Aterrizaron cuando el cielo comenzaba a clarear y el sol ya delineaba los oteros que, al fondo, anunciaban la sierra de Sintra. Los pasajeros atravesaron a pie, en una fila soñolienta, el espacio vacío entre el Lockheed, con los dos motores desconectados que exhalaban rocío, y el pequeño edificio encalado de inmigración y aduana donde, en la puerta, un lento policía de uniforme gris y pistola pendiente de la cintura fláccida apartaba a los viajeros hacia los cubículos como confesonarios de iglesia donde serían interrogados por los de uniforme blanco y gafas oscuras, profesionales de exilios y de confesiones laicas. Fue entonces cuando Victor Laszlo hizo a Ilsa la pregunta que había preferido postergar durante toda la noche: «Are you sure you did what you wanted, my dear?». Y ella, sin mentir con la ambigüedad de las palabras, respondió: «You know I had no choice».

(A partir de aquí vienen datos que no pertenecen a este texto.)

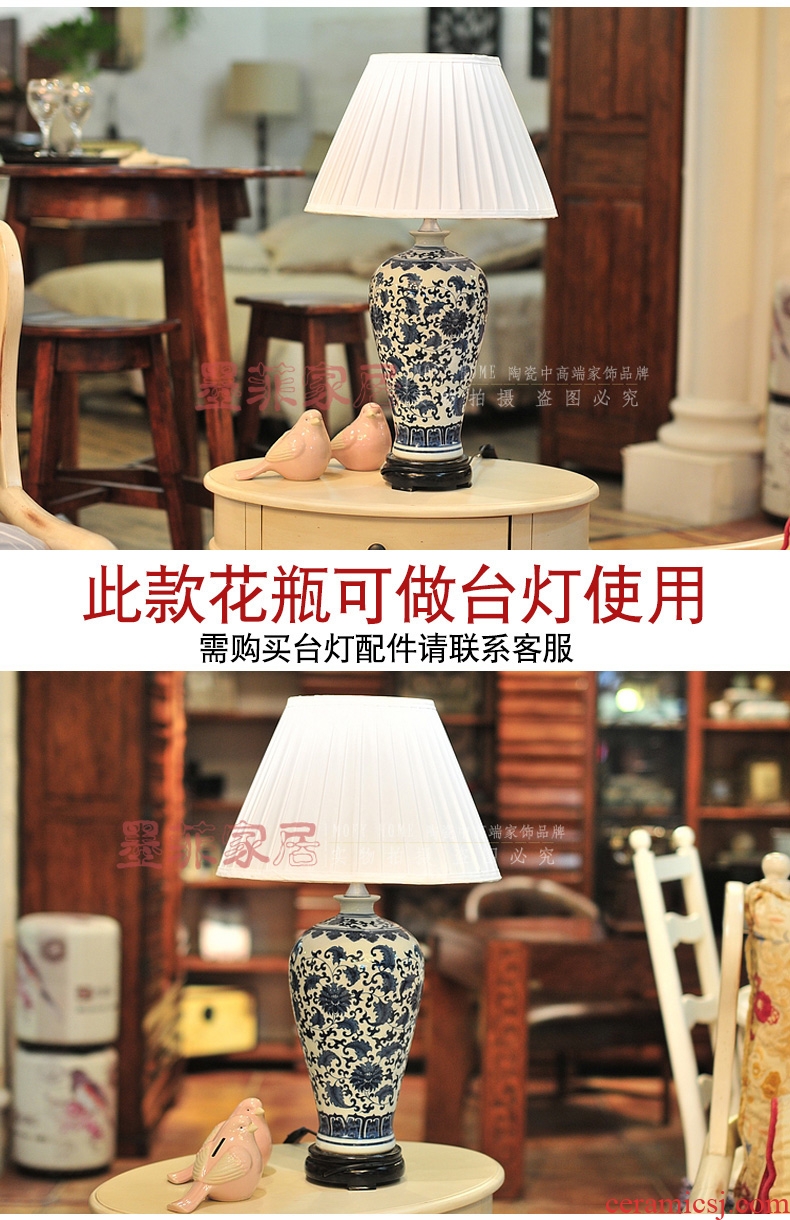 Murphy jingdezhen blue and white porcelain vase classical bedroom living room study of new Chinese style porch decoration floral suit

Les permitieron permanecer tres días, con una facilidad inquietante y una especial bienvenida por parte de un señor que había surgido de ninguna parte en medio de
un aura de agua de colonia y autoridad satisfecha, que insistió en acompañarlos al taxi y recomendó el Hotel Victoria con vana ironía, la suya y la mía, para quien no sabía que era entonces un centro oficioso de la Gestapo y no sepa que es ahora un centro oficial del Partido Comunista. Esperaba, en todo caso, que aquellos días fuesen sólo de ocio, la mejor forma de apreciar la proverbial hospitalidad portuguesa —aquel cielo, y aquel sol—, de evitar
lastimosos malentendidos que después sería difícil rectificar, porque Lisboa no era Casablanca. Ilsa se despidió secamente, Victor Laszlo dio las gracias con una sonrisa altiva y ojos firmes, pues ambos habían registrado en el discurso una amenaza latente.

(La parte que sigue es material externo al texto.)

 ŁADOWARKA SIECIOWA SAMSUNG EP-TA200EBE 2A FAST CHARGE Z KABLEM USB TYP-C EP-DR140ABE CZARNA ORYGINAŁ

Pero ya no había peligro, la película estaba terminada. En la vida real, la vieja pareja austriaca tal vez al final no llegase a ir a América. Ella quiso esperar noticias
de sus hijos y sus nietos, él escribió cartas discretas, conocieron a otros refugiados, se unieron a los que ya estaban en Caldas da Rainha, donde en el comedor de la Cruz Roja la cena era puntualmente a las siete. «¿Qué hora es ahora, Liebchen?» «Las seis y cuarenta», sólo faltaban veinte
minutos, al menos eso. Escribieron de nuevo, esperaron, siguieron escribiendo, aún estaban allí cuando al acabar
la guerra el correo les llevó una pila de sobres con el fatídico matasellos de dirección desconocida. La joven
pareja búlgara habrá logrado o no diluir los ignorados remordimientos de culpas inocentes en su compartido sueño americano. Al piloto jugador no le ocurrió absolutamente nada de regreso a Casablanca, porque había otros
a quienes les sucedió lo mismo en esa o en otras guerras. Ilsa, que ya no era Ilsa, fue a Italia, donde se cortó el pelo para la nueva película y comenzó el escándalo con Rossellini, mientras que Victor Laszlo debe de haber regresado a Hollywood, pero no sé si fue antes o después de todo esto cuando él anduvo encendiendo, en la propaganda a favor del tabaco, dos cigarrillos a la vez para Bette Davis.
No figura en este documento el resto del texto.